Laporte S, Denault J B, D'Orléans-Juste P, Leduc R
Department of Pharmacology, Medical School, Université de Sherbrooke, Québec, Canada.
J Cardiovasc Pharmacol. 1993;22 Suppl 8:S7-10. doi: 10.1097/00005344-199322008-00004.
Recently it was documented that furin, a calcium-dependent serine endoprotease, cleaves many protein precursors at pairs of basic amino acids, thus liberating the biologically active peptides. The endothelin precursors follow a biosynthetic pathway similar to these proteins, where the precursor is initially processed to the intermediate, big endothelin (big ET) before its conversion to the endothelin (ET) peptide. Analysis of the amino acid sequence of the endothelin pro-proteins shows that they are susceptible to processing by endoproteases that cleave at pairs of basic amino acids. For example, human endothelin-1 (ET-1) precursor possesses a typical furin cleavage site motif (Arg-X-Lys/Arg-Arg) at the following residues: Arg32-Ser33-Lys34-Arg35 and Arg72-Ser73-Lys74-Arg75. We have isolated mRNA from cultured bovine endothelial cells and, using a human furin cRNA probe, shown that a furin mRNA of 4.5 kb is present in these cells. We propose that furin, a novel endoprotease belonging to the mammalian subtilisin family of serine proteases, may be implicated in the processing of pro-endothelin precursors, liberating big ET.

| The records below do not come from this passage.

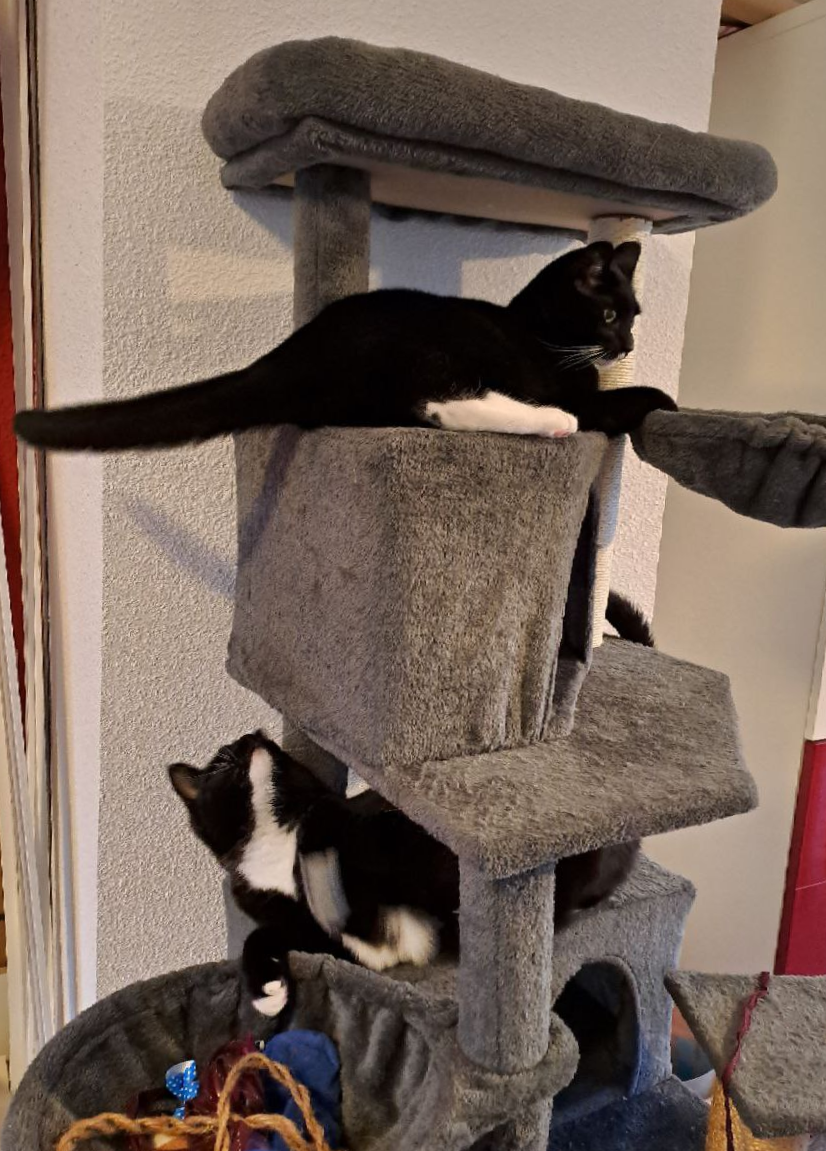 A large grey colored kitty tree with 2 'houses' in it, there are 2 tuxedo kitties visible. On top of the top house (but still below the top platform) is Sjors staring at something to the right of the picture. Sjim's below that top house (sitting on top of the bottom house) and is staring up at Sjors' tail, going to try to grab it.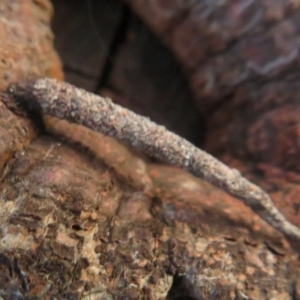 Psychidae (family) IMMATURE at Dunlop, ACT - 1 Aug 2020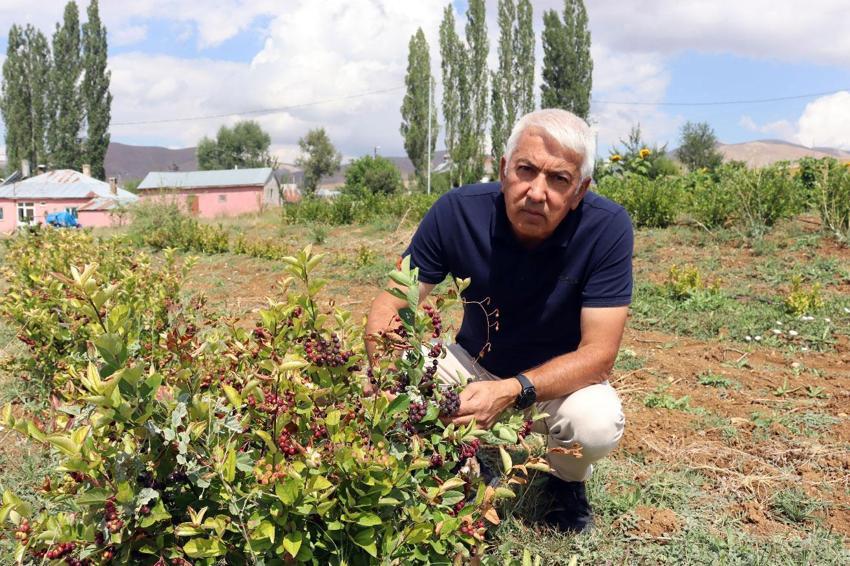 Süper meyve aronya ile ilçeyi kalkındıracaklar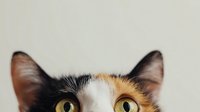 Close-up portrait of a calico cat with bright yellow eyes peeking from bottom of frame, showing only ears and partial face against neutral background.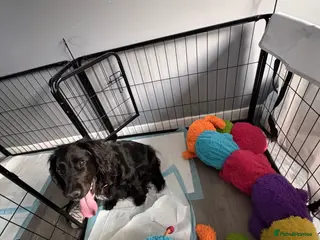 Cockapoo dogs Puppies born! - Advert 1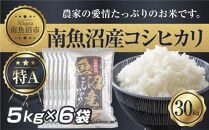 ES311 新潟県 南 魚沼産 コシヒカリ お米 5kg ×6袋 計30kg（お米の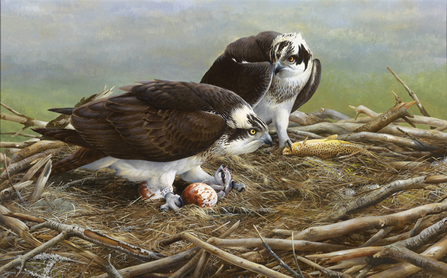 Einion Hatches. By Terrence Lambert. Dyfi Osprey Project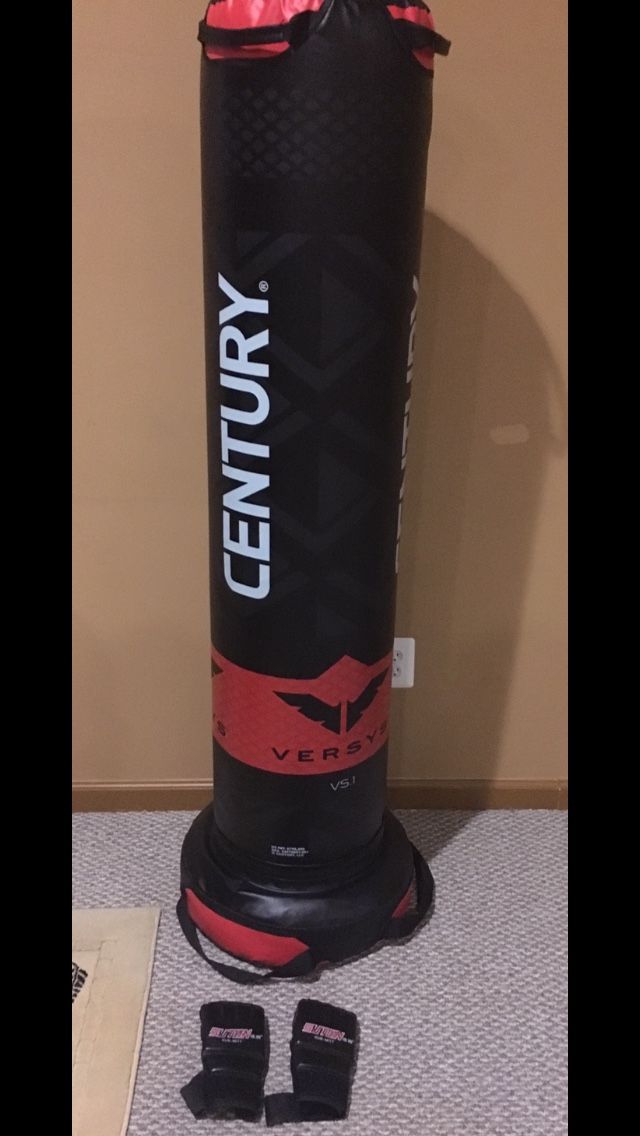 Almost New Punching Bag and Gloves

最近有文献记载,弗林蛋白酶(一种钙依赖性丝氨酸内切蛋白酶)可在碱性氨基酸对处切割许多蛋白质前体,从而释放出生物活性肽。内皮素前体遵循与这些蛋白质相似的生物合成途径,在此途径中,前体首先被加工成中间体大内皮素(big ET),然后再转化为内皮素(ET)肽。对内皮素原蛋白的氨基酸序列分析表明,它们易被在碱性氨基酸对处切割的内切蛋白酶加工。例如,人内皮素-1(ET-1)前体在以下残基处具有典型的弗林蛋白酶切割位点基序(Arg-X-Lys/Arg-Arg):Arg32-Ser33-Lys34-Arg35和Arg72-Ser73-Lys74-Arg75。我们从培养的牛内皮细胞中分离出了mRNA,并使用人弗林蛋白酶cRNA探针表明这些细胞中存在4.5 kb的弗林蛋白酶mRNA。我们提出,弗林蛋白酶是一种属于哺乳动物枯草杆菌蛋白酶家族的新型丝氨酸蛋白酶,可能参与前内皮素前体的加工,释放出大内皮素。